Besides privateering, trading, and smuggling in their sloops between the islands, the main commercial occupations on land were the growing of tobacco and cotton, the reaping of salt, and the raising of food crops and cattle, ie, goats and, in the wetter years, sheep and cows.  Tobacco and cotton were small-planter cash crops that survived in Anguilla long after they were replaced in the larger islands by sugar.  It was not until the middle of the eighteenth century that a very few Anguillian farmers accumulated sufficient capital to invest in the mills and coppers and slaves necessary at that time to make sugar.[1]  Alternating cycles of drought and rain last in the Leeward Islands for up to forty years.[2]  Those islands with mountains have the opportunity to attract rain at least during the rainy seasons.  In a flat island such as Anguilla is, during the periods of drought little would live but the goats.  It is not for nothing that the children’s geography textbooks say dismissively about Anguilla’s climate, “Anguilla participates in passing Atlantic weather systems.  The keeping of sheep and cows, and the cultivation of cash crops, were limited to the periods when there was enough rainfall to permit their survival.

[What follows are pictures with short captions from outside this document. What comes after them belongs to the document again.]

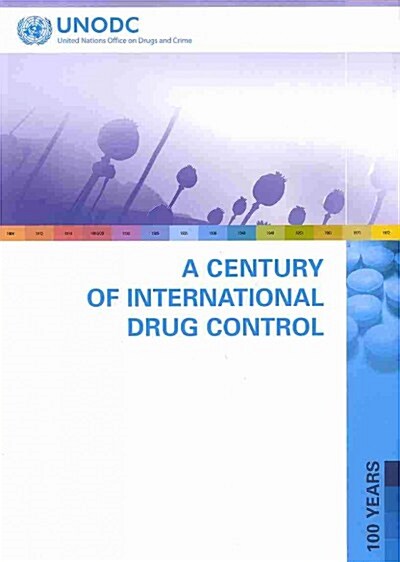 A Century of International Drug Control (Paperback)
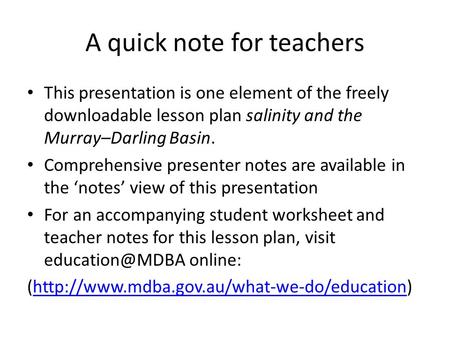 A quick note for teachers This presentation is one element of the freely downloadable lesson plan salinity and the Murray–Darling Basin. Comprehensive.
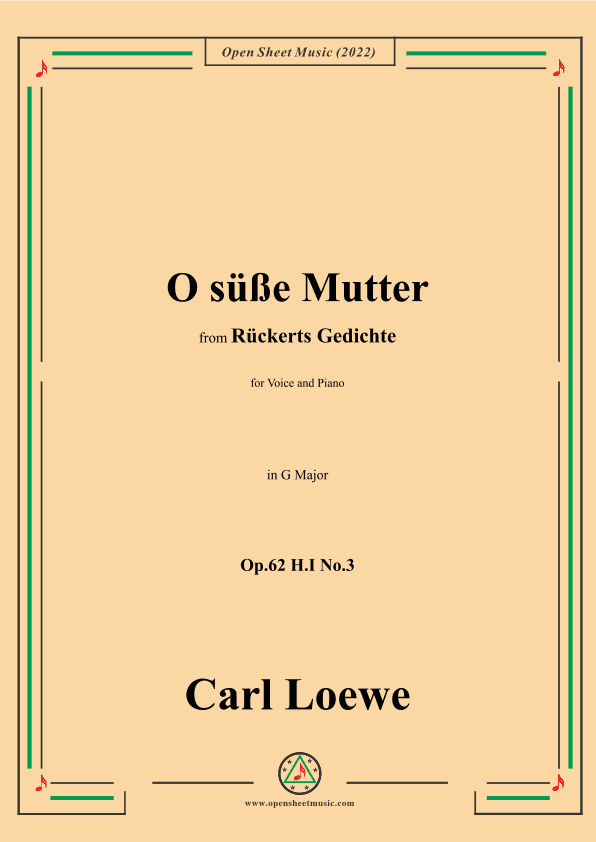 Loewe-O süße Mutter,in G Major,Op.62 H.I No.3 (arr. OSM Press)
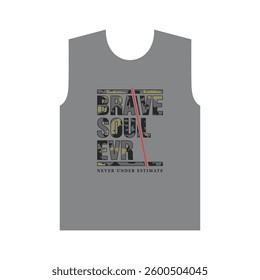 BRAVE SOUL EVER NEVER UNDER ESTIMATE - MODERN AND STYLISH TYPOGRAPHY DESIGN, VECTOR PRINT T-SHIRT, GRAPHIC VECTOR DESIGN, URBAN STYLE, STREET WEAR FASHION ILLUSTRATION, 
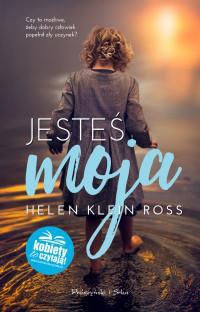 JESTEŚ MOJA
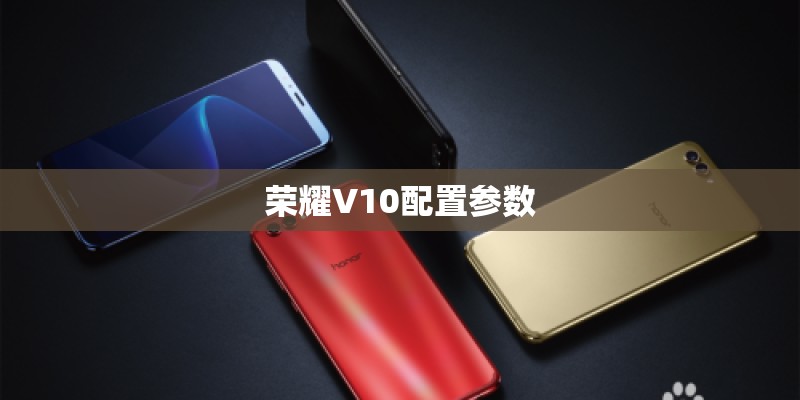 荣耀V10配置参数 荣耀V10配置参数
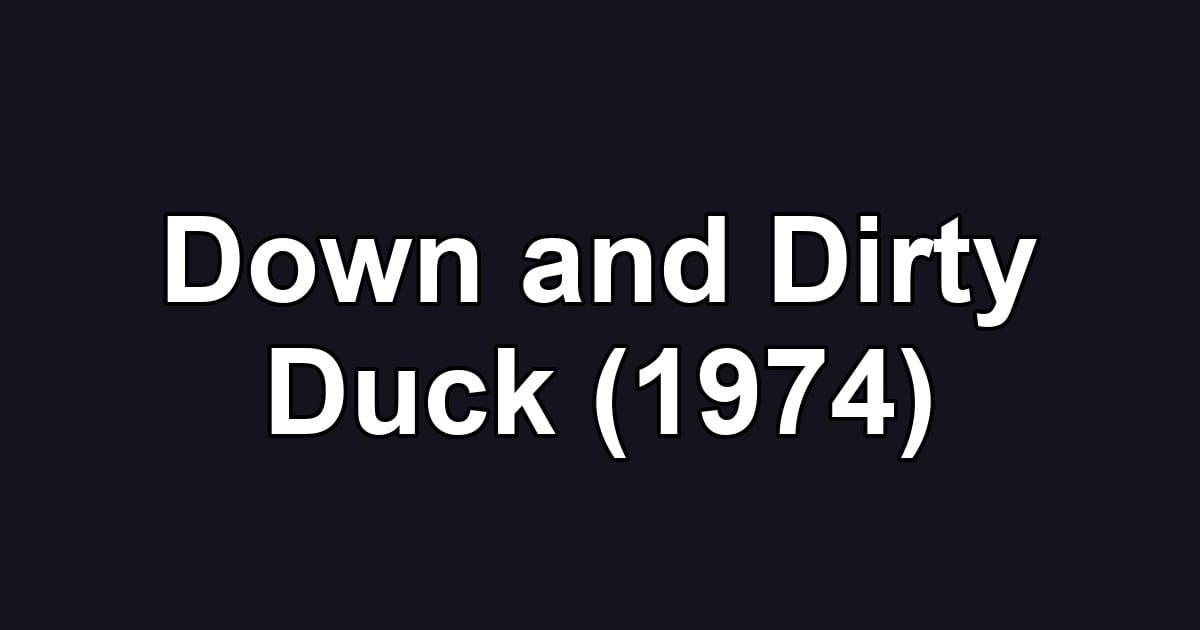 Down and Dirty Duck (1974)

Tobacco was originally grown in Anguilla by the Amerindians.  The industry in all the islands was taken over by the newcomers.  It seemed to be an ideal small-farmer cash crop.  Apart from its small bulk and its ability when dried to survive the long voyage across the Atlantic, tobacco possessed other advantages to recommend it.  Its cultivation could be undertaken on a small scale.  It did not need the outlay of much capital.  The settlers could grow their crop on a comparatively small area of land.  They needed only a few helpers, perhaps the members of the family.
West Indian tobacco competed in England unfavourably with Virginia tobacco.  It paid a higher duty and fetched a lower price.  West Indian tobacco was less mild and less palatable than that of Virginia.  Besides, Virginia enjoyed the advantage of being able to produce tobacco in great bulk from a large area of land.  Merchants found it more convenient to deal with Virginia.  Her supplies came near to meeting the demand of the English market.  There was less risk than trading with the scattered islands of the West Indies.
Already, by the year 1639, the price of tobacco on the London market dropped alarmingly.  Barbados and the other English islands looked for other crops.  The first choice was cotton.  In Barbados, this was soon replaced by sugar cane.  In Anguilla, tobacco cultivation lasted longer, probably for want of any alternative.  The last reference to tobacco being grown in Anguilla in the Colonial Office papers is an unattributed memorandum probably prepared by Under-Secretary Joseph Williamson in 1667.[3]  He begins with the words, “From Major Scott’s mouth . . .[4]  Then, he notes that salt was made on Anguilla and tobacco was grown there.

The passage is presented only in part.